Records for this exercise.
================================
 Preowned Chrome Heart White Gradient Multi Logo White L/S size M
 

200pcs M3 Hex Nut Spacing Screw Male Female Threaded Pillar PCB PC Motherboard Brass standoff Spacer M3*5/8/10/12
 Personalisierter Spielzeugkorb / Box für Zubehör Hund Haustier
================================
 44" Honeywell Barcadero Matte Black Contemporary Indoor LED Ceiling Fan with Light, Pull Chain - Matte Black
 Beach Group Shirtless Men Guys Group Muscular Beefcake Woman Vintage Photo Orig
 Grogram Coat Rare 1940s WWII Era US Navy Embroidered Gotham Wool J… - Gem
================================
Problem statement. Taking the line with "Beach Group Shirtless" as the first and the line with "Grogram Coat Rare" as the last, retype that stretch of the data above exactly, with no other lines.

Response area.
 Beach Group Shirtless Men Guys Group Muscular Beefcake Woman Vintage Photo Orig
 Grogram Coat Rare 1940s WWII Era US Navy Embroidered Gotham Wool J… - Gem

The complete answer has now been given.